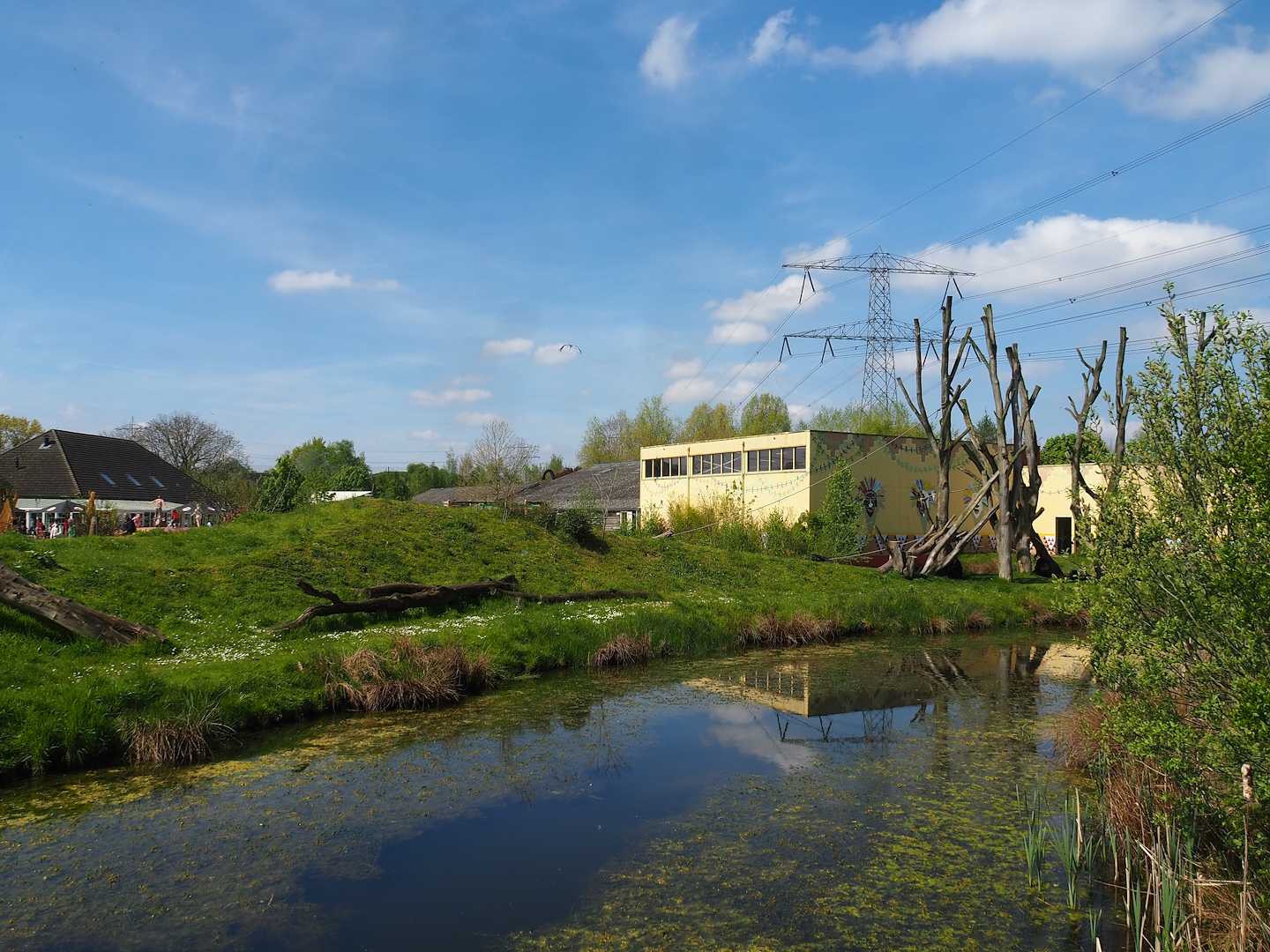 Western chimpanzee island, 2023-04-30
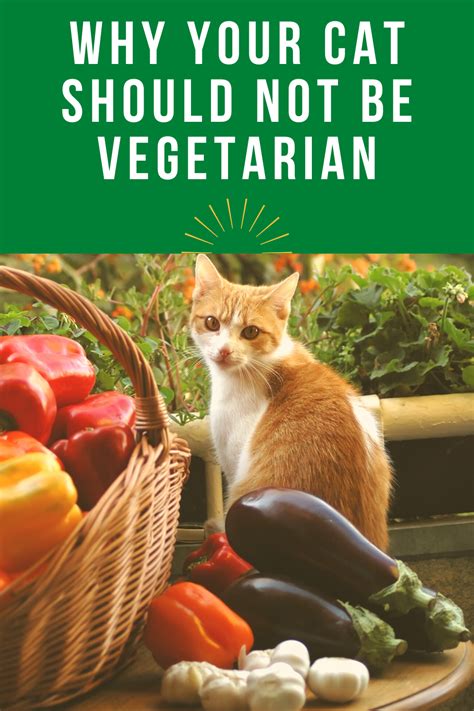 Veggie Cat Why Your Cat Should Not Be Vegetarian Cats Vegan Cat
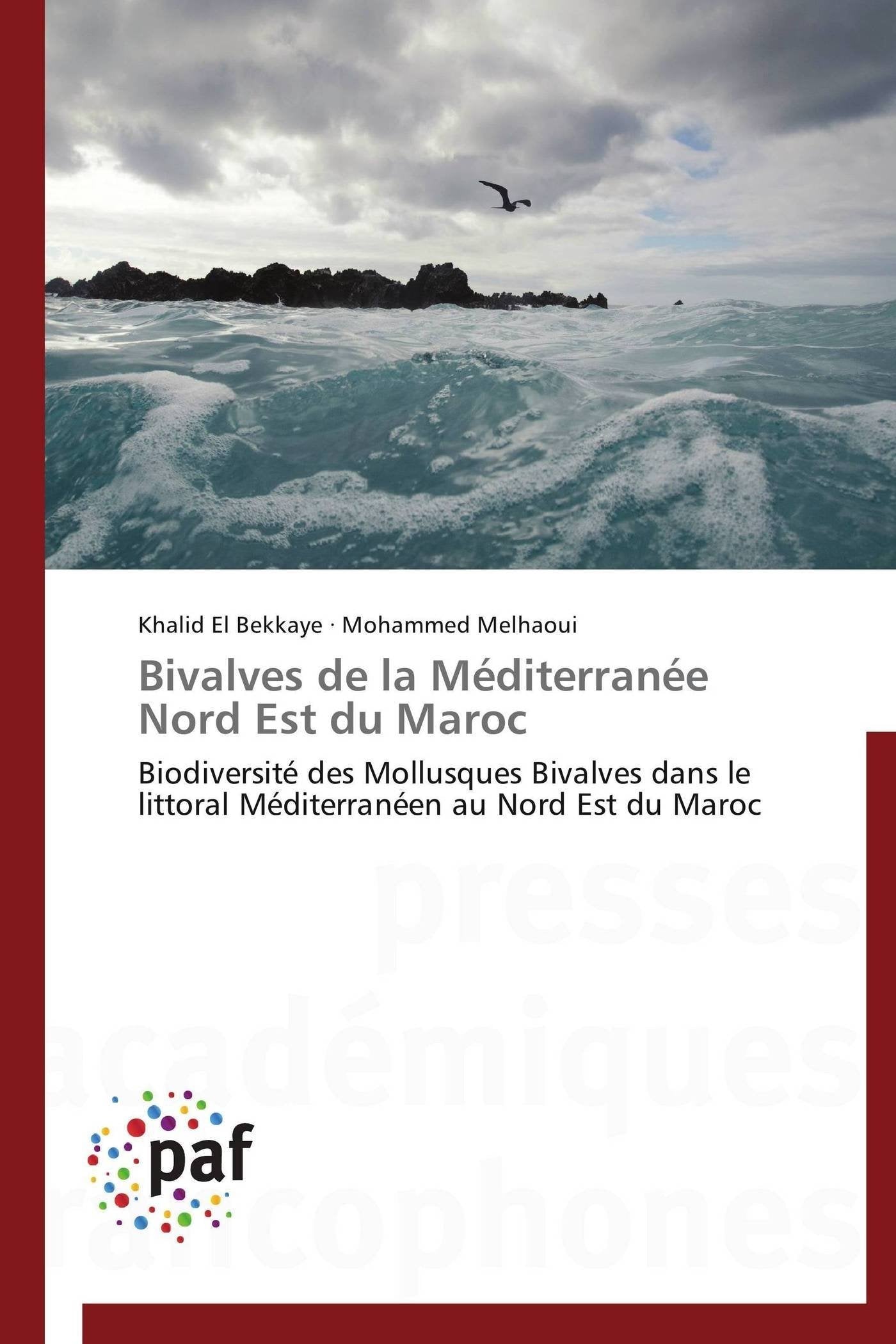 Bivalves de la Méditerranée Nord Est du Maroc: Biodiversité des Mollusques Bivalves dans le littoral Méditerranéen au Nord Est du Maroc book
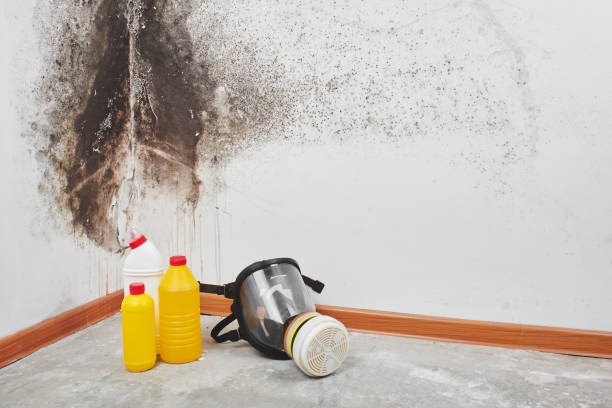 Best Industrial Mold Remediation in St Leon, IN
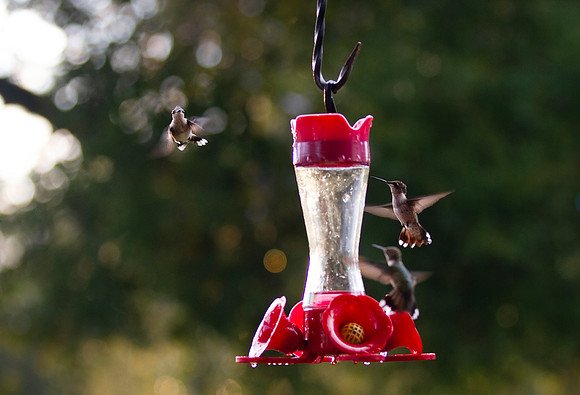 Hummingbirds with bokeh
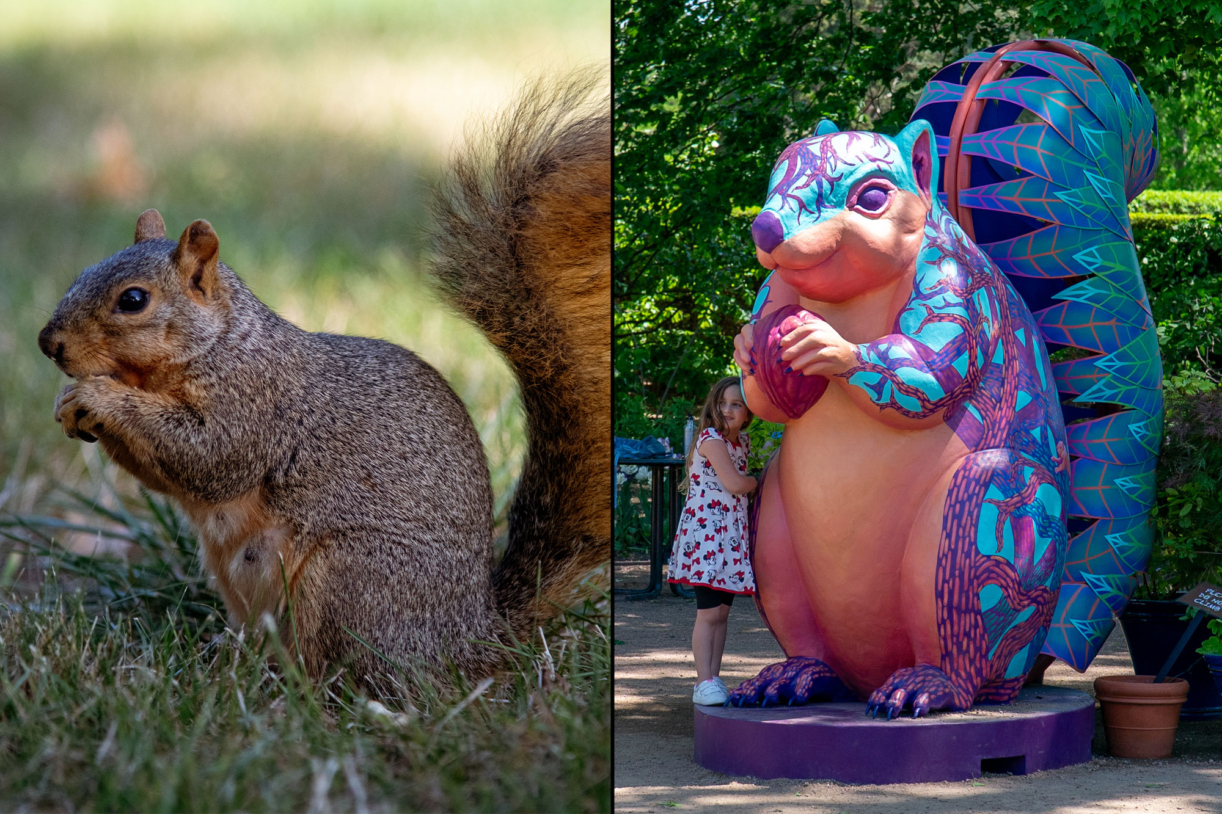 Photograph of a fox squirrel juxtaposed against a photo of Scamp the fox squirrel sculpture in Vivid Creatures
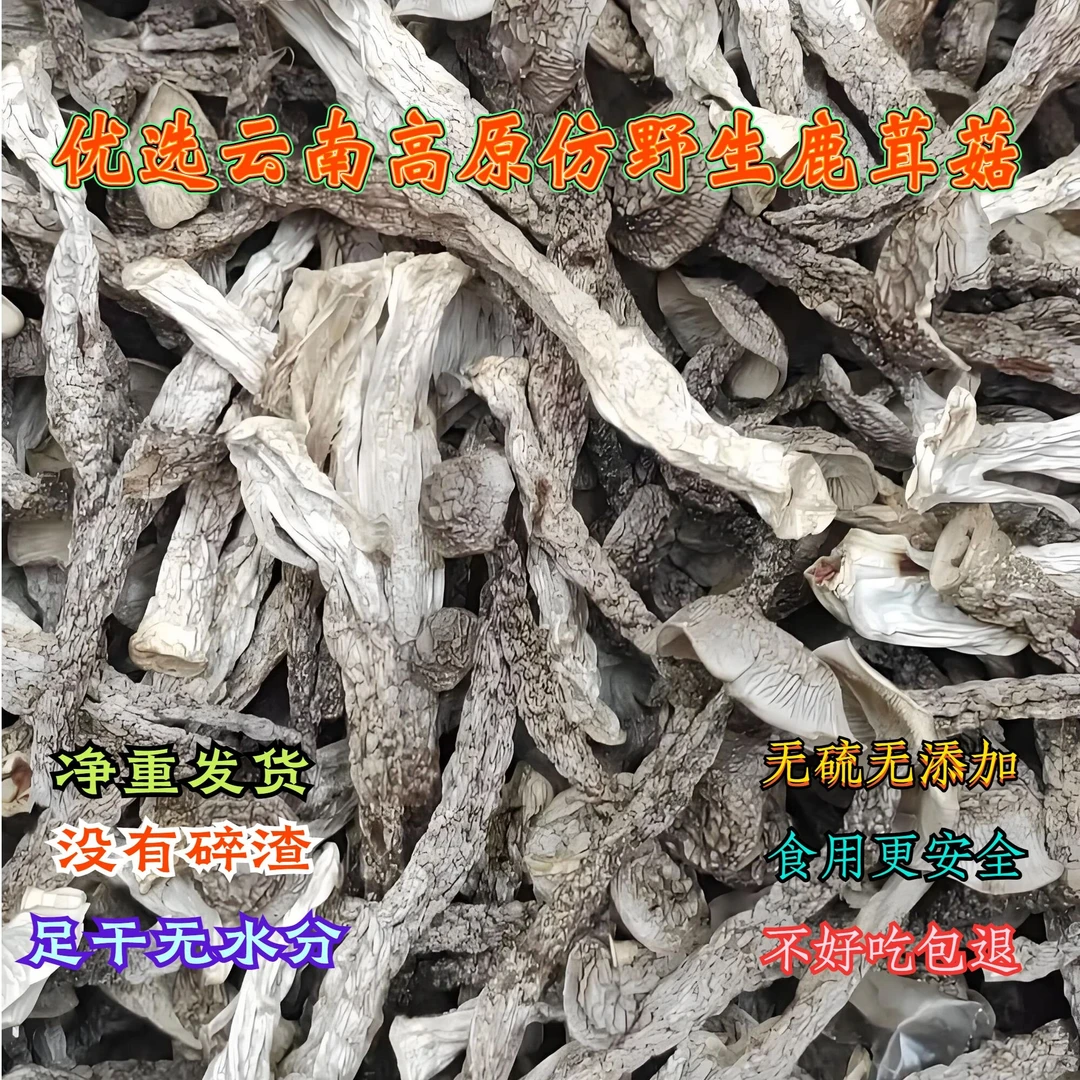 云南高原头茬鲜脆鹿茸菇食用菌山货鹿茸菇养生汤脆菇农家干货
━━━━━━━━━━━━━━━━━━━━━━━━━━━━━━
• _Problem statement_
In the answer, the lines from the one containing "Photograph of a" to the end of the records above must be written out exactly, both ends included; the pictures must not appear.

• _Answer to this exercise_
 Photograph of a fox squirrel juxtaposed against a photo of Scamp the fox squirrel sculpture in Vivid Creatures
 云南高原头茬鲜脆鹿茸菇食用菌山货鹿茸菇养生汤脆菇农家干货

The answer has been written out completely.